- [Requirement] Among the entries below, extract exactly the lines that run from the one with "Group of happy" through the one with "Chic black glossy", both ends included.

- [Given records]
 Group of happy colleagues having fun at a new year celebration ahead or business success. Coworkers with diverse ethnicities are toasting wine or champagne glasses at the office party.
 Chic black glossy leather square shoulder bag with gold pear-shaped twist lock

--

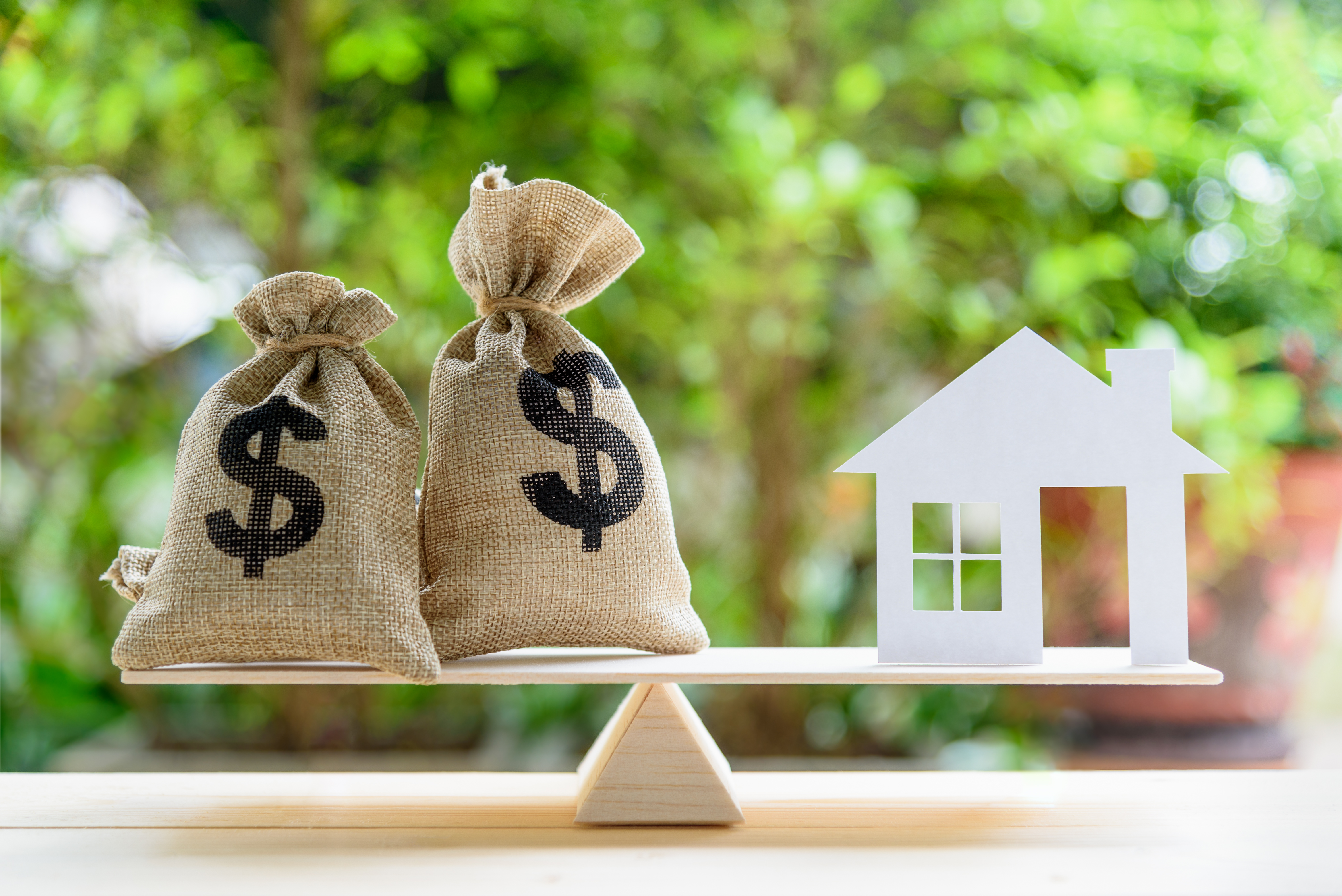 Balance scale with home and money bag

- [Solution to this task]
 Group of happy colleagues having fun at a new year celebration ahead or business success. Coworkers with diverse ethnicities are toasting wine or champagne glasses at the office party.
 Chic black glossy leather square shoulder bag with gold pear-shaped twist lock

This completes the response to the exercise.